Cool, et al. (2003) hypothesized that human herpesvirus 8 (HHV-8) infection might be related to pulmonary hypertension: both conditions occur more often in people with HIV-1 infection, and HHV-8 is the causative agent of Kaposi’s sarcoma, which shares some histologic features with the “plexiform” vascular lesions of PPH. They studied lung tissue samples that had been stored for up to 20 years at the Pulmonary Hypertension Center of the University of Colorado. Samples were from 16 patients with PPH; 14 patients with pulmonary hypertension related to underlying causes (5 cardiac defects, 4 autoimmune diseases, 3 HIV-1 infection, 1 sarcoidosis, and 1 fenfluramine use); and 4 “controls” without pulmonary hypertension (3 with other lung diseases, 1 “normal”). All samples were tested for HHV-8 infection by immunohistochemical and PCR assays; those from patients with PPH were also screened for at least 7 variants of the human BMPR2 gene that have been reported in familial clusters of primary pulmonary hypertension (only 3 of these mutations have been reported by more than one group).

Fisher Exact test for associations of HHV-8 infection with primary vs. other pulmonary hypertension: p=0.0024.

Public Health Implications

This clinicopathologic investigation provides the first implication of HHV-8 in pulmonary hypertension: 10/16 PPH cases had evidence of HHV-8 infection, compared with only 1/14 cases attributed to other underlying causes. HHV-8 infection is not rare; seroepidemiologic studies in the U.S. have reported prevalence of 8 percent in HIV-negative people attending STD clinics and up to 3 percent of HIV-negative blood donors.

The prevalence of BMPR2 variants in these non-familial PPH cases (4/16) was similar to that reported in previous studies. The relative prevalence of BMPR2 variants in PPH cases with or without evidence of HHV-8 infection (2/6 vs. 2/8) provides little basis for inference, given the small numbers studied. The prevalence of BMPR2 variants has not been studied among cases of pulmonary hypertension with identifiable causes or in unselected populations, and it was not examined in this study.

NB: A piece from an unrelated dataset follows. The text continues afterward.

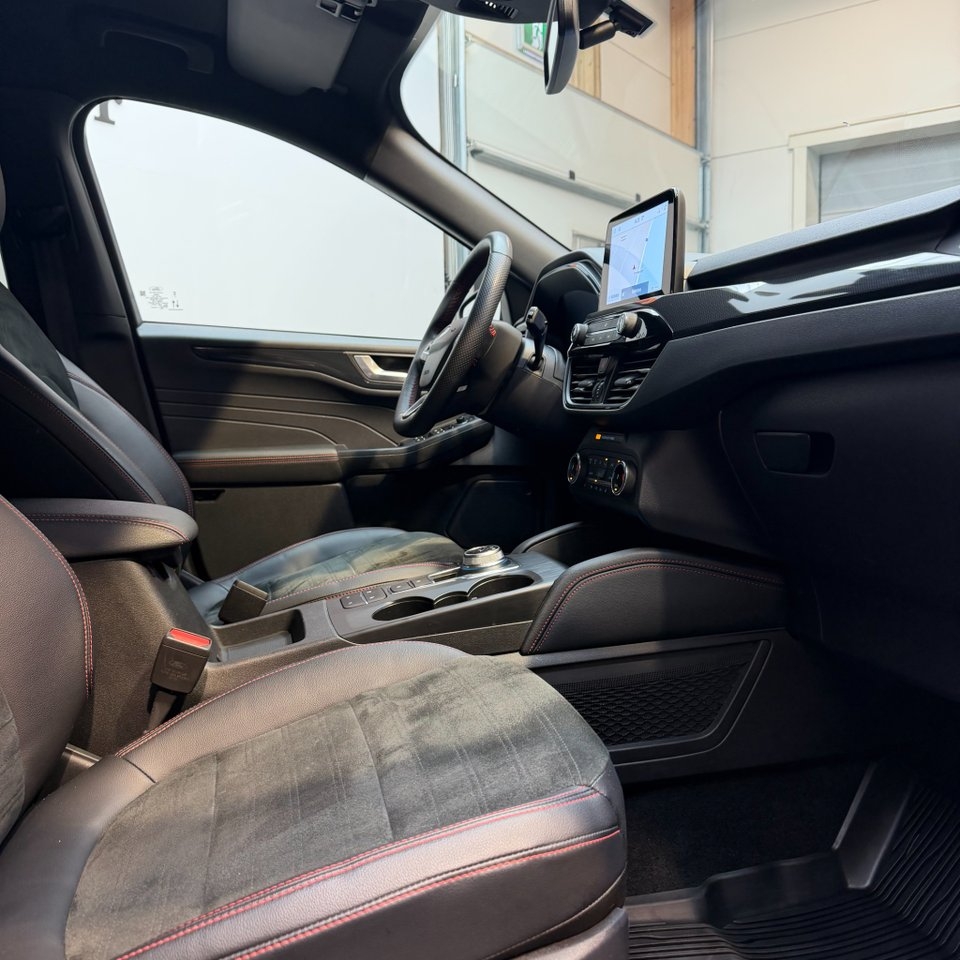 Ford Kuga 2.5 Plugin-Hybrid ST-Line 2023, kuva 11/12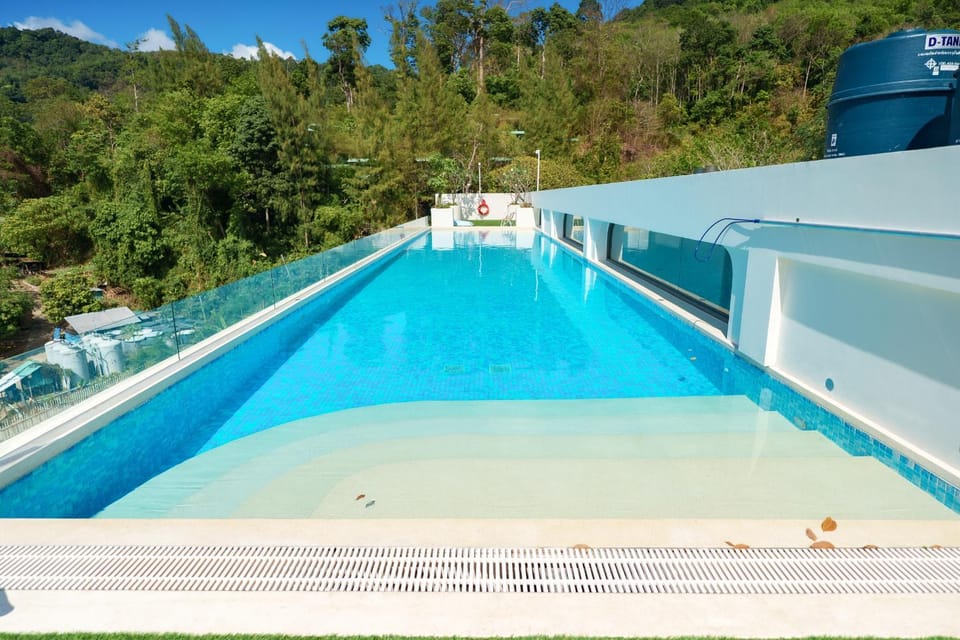 Super 1Bdr Fantasea, Kamala Beach Roof Pol Wi Fi Apartment in Kamala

However, it seems likely that several different combinations of environmental, genetic, and biologic factors can produce the clinical state called pulmonary hypertension.

Another recent study (Du 2003) suggests that different forms of pulmonary hypertension (familial and sporadic, “primary” and acquired) may be united by a common causal pathway, a signaling cascade that regulates the expression of multiple genes, including angiopoietin-1 (ANGPT1), TIE2, BMPR1A, and BMPR2. Systematic evaluation of genetic and environmental factors across the clinical spectrum of pulmonary hypertension, and comparison with unaffected populations, may reveal a “molecular fingerprint” that suggests new avenues for preventing and treating this devastating condition.

References

1. Speich R, Jenni R, Opravil M, Pfab M, Russi EW. Primary pulmonary hypertension in HIV infection. Chest. 1991;100:1268-71.
2. Mette SA, Palevsky HI, Pietra GG, et al. Primary pulmonary hypertension in association with human immunodeficiency virus infection. A possible viral etiology for some forms of hypertensive pulmonary arteriopathy. Am Rev Respir Dis 1992;145:1196-200.
3. Prendergast BD. HIV and cardiovascular medicine. Heart 2003;89:793-800.
4. Runo JR, Lloyd JE. Primary pulmonary hypertension. Lancet 2003;361:1533-44.
5. Deng Z, Morse JH, Slager SL, et al. Familial primary pulmonary hypertension (gene PPH1) is caused by mutations in the bone morphogenetic protein receptor-II gene.
   Am J Hum Genet  2000;67:737-44.
6. Cool CD, Rai PR, Yeager ME, et al. Expression of herpesvirus 8 in primary pulmonary hypertension  New Engl J Med 2003;349:1113-22.
7. Du L, Sullivan CC, Chu D, et al. Signaling molecules in nonfamilial pulmonary hypertension. New Engl J Med 2003;348:500-9.